(Directions for this task) Give again, word for word, every line below from the one that has "Porte-clés Irish Skeleton" through the one that has "Popcorn and movie", both included, and no others.

(Beginning of Available data)

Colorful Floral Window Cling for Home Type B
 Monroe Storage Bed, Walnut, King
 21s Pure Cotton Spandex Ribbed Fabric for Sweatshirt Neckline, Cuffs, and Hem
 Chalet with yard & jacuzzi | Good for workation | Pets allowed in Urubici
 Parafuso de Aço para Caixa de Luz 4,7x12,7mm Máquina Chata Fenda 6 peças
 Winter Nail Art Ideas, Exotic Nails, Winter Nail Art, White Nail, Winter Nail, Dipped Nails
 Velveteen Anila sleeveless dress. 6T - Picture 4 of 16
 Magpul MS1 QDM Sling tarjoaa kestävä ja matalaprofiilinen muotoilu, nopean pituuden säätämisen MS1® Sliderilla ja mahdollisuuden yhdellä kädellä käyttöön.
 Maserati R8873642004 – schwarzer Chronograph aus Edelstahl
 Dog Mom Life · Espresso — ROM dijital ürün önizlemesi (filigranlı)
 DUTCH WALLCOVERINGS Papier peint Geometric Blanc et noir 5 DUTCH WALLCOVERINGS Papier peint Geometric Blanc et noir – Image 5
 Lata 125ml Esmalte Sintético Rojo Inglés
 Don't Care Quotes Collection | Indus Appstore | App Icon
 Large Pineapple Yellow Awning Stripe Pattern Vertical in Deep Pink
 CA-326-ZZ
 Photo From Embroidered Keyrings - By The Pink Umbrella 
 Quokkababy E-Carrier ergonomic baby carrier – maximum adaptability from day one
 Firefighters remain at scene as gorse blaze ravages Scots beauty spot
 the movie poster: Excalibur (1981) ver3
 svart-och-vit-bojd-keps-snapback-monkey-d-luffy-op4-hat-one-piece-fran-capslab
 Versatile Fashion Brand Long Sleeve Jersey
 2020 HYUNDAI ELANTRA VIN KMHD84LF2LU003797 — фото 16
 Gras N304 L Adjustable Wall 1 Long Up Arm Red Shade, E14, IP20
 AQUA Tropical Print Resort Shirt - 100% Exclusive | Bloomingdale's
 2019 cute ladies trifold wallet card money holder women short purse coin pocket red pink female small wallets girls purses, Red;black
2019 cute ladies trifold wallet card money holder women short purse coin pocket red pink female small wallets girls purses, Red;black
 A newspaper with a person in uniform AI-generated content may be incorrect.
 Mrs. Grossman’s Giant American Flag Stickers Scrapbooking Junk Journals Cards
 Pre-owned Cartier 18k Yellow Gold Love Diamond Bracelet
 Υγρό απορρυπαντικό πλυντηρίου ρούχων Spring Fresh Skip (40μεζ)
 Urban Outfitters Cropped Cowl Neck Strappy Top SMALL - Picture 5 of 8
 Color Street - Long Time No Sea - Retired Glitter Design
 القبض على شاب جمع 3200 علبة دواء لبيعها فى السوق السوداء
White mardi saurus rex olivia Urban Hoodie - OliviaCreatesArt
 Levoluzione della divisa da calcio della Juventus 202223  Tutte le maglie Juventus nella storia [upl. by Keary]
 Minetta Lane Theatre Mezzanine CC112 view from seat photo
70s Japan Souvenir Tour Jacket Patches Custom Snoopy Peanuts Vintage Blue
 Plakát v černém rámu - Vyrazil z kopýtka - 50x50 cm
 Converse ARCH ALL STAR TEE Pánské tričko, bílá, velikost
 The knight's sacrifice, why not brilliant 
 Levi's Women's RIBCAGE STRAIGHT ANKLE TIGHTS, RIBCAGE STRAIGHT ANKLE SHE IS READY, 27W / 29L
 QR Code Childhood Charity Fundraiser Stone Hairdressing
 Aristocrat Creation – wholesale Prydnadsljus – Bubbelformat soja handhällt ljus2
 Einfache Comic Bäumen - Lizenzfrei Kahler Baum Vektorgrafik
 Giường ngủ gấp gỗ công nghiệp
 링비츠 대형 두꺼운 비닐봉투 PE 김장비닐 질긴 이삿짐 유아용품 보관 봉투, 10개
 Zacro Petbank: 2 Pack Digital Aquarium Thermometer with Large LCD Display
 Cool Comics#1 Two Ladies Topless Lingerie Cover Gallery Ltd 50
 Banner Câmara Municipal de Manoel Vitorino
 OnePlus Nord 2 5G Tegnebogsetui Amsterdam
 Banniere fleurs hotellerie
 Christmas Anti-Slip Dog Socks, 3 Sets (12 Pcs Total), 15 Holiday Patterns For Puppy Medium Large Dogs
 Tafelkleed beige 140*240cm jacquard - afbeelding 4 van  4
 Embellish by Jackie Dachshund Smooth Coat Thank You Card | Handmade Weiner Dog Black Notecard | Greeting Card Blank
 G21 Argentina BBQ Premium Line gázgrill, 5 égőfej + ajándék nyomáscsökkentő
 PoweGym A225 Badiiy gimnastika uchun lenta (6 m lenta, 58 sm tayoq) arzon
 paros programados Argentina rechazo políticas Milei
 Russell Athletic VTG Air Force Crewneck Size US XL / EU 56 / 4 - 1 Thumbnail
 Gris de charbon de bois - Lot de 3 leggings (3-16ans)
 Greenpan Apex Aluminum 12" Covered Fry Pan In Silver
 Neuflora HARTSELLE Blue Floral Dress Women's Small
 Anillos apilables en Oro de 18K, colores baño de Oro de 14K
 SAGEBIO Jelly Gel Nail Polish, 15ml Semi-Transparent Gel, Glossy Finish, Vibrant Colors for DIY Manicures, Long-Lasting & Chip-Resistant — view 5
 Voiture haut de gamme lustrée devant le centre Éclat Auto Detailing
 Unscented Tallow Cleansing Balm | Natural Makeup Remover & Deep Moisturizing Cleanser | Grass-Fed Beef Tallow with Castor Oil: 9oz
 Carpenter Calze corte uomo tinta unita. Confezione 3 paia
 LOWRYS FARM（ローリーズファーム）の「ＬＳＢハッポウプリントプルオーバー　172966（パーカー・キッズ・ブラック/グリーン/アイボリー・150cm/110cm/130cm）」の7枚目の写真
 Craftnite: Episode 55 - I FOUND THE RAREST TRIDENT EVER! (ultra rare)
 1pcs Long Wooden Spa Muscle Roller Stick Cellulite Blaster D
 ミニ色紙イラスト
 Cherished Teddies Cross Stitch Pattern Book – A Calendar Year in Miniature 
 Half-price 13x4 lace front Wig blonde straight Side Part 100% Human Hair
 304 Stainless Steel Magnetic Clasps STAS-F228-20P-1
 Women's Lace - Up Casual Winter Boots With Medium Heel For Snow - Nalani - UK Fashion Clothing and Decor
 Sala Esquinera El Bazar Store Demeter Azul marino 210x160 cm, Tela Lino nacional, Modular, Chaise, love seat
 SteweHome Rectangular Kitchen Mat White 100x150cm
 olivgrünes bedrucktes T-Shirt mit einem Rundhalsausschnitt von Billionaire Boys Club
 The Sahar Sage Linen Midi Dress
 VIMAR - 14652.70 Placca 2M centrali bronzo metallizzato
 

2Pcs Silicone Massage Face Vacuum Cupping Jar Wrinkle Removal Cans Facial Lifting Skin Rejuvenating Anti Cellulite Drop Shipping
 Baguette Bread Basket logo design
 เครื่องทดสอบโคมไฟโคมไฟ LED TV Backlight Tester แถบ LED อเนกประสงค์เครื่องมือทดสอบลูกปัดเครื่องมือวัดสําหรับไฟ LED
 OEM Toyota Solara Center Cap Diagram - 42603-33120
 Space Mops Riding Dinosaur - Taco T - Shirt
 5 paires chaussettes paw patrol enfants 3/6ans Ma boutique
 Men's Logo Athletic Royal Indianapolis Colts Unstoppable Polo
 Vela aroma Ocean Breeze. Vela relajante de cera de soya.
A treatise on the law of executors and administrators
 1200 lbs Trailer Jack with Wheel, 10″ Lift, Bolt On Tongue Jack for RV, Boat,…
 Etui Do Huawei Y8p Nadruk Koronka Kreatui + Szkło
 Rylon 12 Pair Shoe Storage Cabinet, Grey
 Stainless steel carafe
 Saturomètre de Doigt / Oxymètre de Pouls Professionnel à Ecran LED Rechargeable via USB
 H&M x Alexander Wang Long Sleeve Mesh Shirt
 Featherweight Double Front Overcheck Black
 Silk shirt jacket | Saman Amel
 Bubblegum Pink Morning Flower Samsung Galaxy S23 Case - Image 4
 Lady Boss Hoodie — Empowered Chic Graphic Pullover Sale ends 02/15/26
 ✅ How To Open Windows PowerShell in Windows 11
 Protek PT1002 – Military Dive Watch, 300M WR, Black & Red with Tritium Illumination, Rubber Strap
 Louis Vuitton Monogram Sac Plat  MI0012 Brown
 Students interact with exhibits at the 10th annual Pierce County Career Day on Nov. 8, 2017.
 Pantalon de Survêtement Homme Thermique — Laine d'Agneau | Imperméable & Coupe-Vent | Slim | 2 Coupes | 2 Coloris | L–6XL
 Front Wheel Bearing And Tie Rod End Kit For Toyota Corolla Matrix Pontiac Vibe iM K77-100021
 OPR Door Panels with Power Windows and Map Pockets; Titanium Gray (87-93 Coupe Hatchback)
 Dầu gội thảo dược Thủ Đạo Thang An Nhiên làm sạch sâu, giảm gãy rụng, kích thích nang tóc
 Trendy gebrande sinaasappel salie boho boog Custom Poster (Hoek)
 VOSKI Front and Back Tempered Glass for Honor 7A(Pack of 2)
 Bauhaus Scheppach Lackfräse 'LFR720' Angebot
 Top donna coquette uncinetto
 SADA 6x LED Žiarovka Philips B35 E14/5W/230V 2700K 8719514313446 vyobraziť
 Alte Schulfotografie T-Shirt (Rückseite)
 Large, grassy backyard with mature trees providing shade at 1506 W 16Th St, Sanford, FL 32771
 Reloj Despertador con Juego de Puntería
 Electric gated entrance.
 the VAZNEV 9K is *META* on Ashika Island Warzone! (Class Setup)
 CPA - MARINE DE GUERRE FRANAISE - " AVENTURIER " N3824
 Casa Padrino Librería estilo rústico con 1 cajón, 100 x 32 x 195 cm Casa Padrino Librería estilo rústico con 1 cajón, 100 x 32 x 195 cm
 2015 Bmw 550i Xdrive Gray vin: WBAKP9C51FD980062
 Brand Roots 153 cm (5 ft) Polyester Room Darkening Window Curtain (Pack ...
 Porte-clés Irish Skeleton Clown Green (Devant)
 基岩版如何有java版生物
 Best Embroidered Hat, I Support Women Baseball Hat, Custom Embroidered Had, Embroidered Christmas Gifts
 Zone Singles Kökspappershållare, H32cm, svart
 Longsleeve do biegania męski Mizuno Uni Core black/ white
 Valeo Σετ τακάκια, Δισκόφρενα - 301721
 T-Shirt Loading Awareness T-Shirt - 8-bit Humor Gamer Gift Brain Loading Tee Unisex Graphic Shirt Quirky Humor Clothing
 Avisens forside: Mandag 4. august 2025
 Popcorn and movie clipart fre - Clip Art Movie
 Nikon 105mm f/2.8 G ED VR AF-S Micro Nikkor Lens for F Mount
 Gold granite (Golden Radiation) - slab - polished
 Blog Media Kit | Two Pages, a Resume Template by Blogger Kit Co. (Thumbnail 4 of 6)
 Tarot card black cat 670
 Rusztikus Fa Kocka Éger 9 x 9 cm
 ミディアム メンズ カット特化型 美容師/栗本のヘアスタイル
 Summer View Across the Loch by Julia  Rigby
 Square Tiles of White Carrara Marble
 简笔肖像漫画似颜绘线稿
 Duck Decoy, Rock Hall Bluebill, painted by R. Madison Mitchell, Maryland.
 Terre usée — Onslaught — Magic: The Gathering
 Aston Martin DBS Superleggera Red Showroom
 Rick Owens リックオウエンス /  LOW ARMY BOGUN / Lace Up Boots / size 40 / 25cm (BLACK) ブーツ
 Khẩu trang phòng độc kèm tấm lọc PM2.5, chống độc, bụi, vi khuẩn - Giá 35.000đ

(End of Available data)

(Finished exercise)
 Porte-clés Irish Skeleton Clown Green (Devant)
 基岩版如何有java版生物
 Best Embroidered Hat, I Support Women Baseball Hat, Custom Embroidered Had, Embroidered Christmas Gifts
 Zone Singles Kökspappershållare, H32cm, svart
 Longsleeve do biegania męski Mizuno Uni Core black/ white
 Valeo Σετ τακάκια, Δισκόφρενα - 301721
 T-Shirt Loading Awareness T-Shirt - 8-bit Humor Gamer Gift Brain Loading Tee Unisex Graphic Shirt Quirky Humor Clothing
 Avisens forside: Mandag 4. august 2025
 Popcorn and movie clipart fre - Clip Art Movie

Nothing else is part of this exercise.